Systemic influences on standard setting in national examinations

The field of educational assessment has built strong technical foundations, but we can be myopic when the big education questions are asked. One hot topic is educational standards and how they are set. Standard setting is typically defined as ‘the process of establishing one or more cut scores on a test’ (Cizek & Bunch, Citation2007, p. 13). This process comes after test administration, so content standards have already been decided and the focus is on outcome standards. Much of the research on standard setting has concerned itself with different statistical or judgemental processes; their effects upon test outcomes, the robustness of the procedures and so on. There needs to be space for assessment researchers and practitioners to explore these important matters and to communicate their findings, however technical they may be. Notwithstanding, the standard setting literature does not much address the broader societal concerns about assessment standards; it has a narrow focus. The wider issues pose questions for the assessment field about how the technical assessment matters intersect with questions of curriculum, pedagogy, educational experiences, policy, politics, social justice, formulation of people’s identities and so on.

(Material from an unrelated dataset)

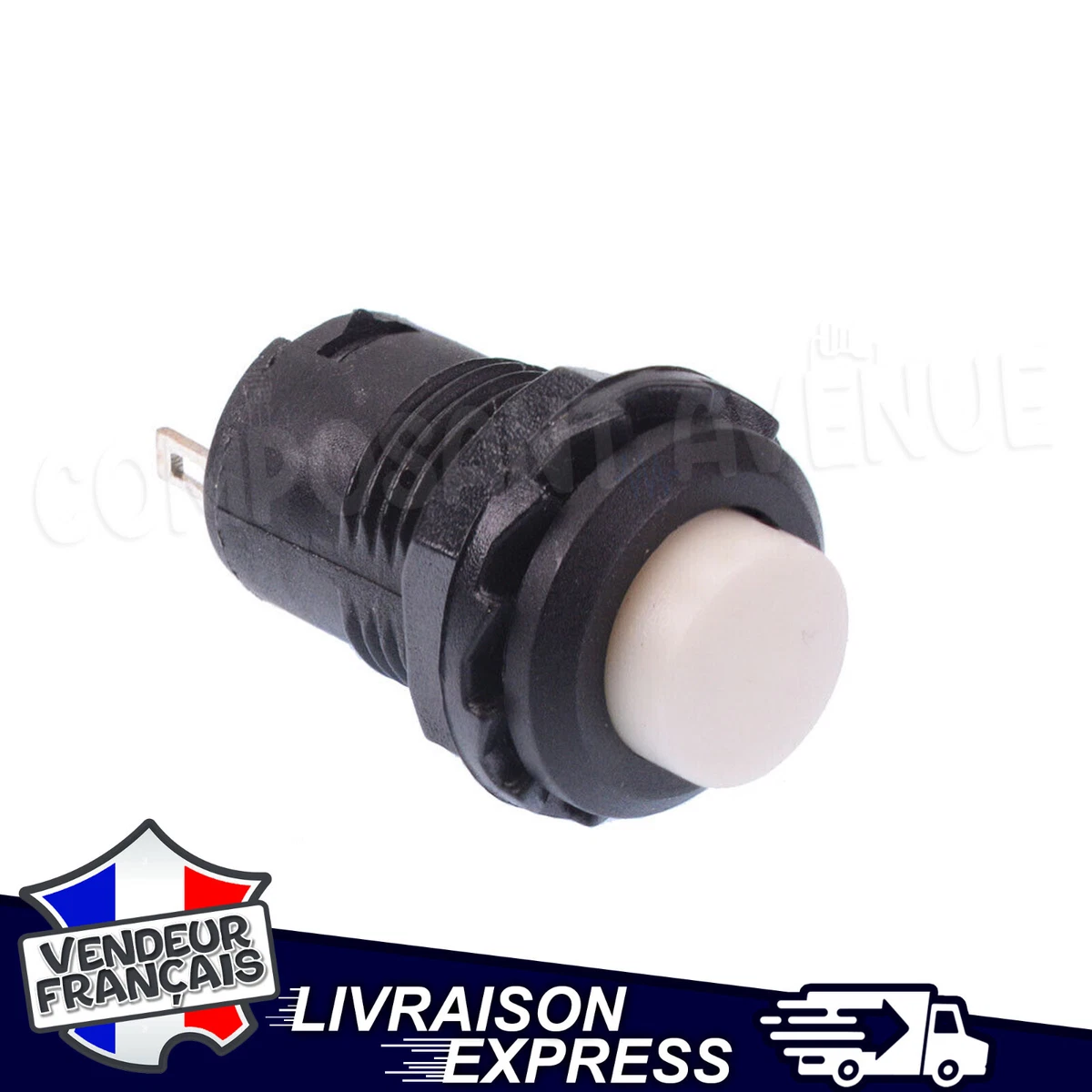 Protection Pour Moteur Moto Pare Carter RD Moto Yamaha MT-07 FZ07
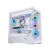 Корпус для ПК Lian Li V100, White (G99.V100W.01)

A recent project documented standard setting approaches to high-stakes assessments in a range of countries (Baird et al., Citation2018). A surprising array of processes were used across jurisdictions. Further, whilst each process was accepted practice in the context in which it had been developed, often features of it would have been hugely problematical for use in other jurisdictions. For example, in France the Baccalauréat does not have a standard setting process, as defined above: it is simply marked on a scale from 1 to 20 (Gauthier, Citation2018). This is only possible because the selective universities also require students to pass preparation classes. In Georgia, norm-referencing has led to an adequate supply of higher education candidates, but the quality of their performances is low (Andguladze & Mindadze, Citation2018). In Chile there has been a great deal of disquiet about the suitability of the examination system and its standards due to equity issues (Osses & Varas, Citation2018). Having described a range of systems, subsequent questions arise about why they are so different, how they developed, what makes them acceptable, what tensions arise in each system and why a single, best, most scientific model has not been adopted universally. After all, much of the literature on standard setting has concerned the accuracy of our various approaches. However, decisions about which approach should be used are evidently not only technical decisions. Standard setting practices must be acceptable to the stakeholders who buy into them. We observe that there are tensions about this acceptability in all systems, but there is typically a social compact around them for standard setting in large-scale examinations. Alternatively, systems are under reform. Indeed, in a number of cases, participants in the project had to withdraw because the examinations were undergoing reform and the changes were too politically sensitive to undergo broad scrutiny.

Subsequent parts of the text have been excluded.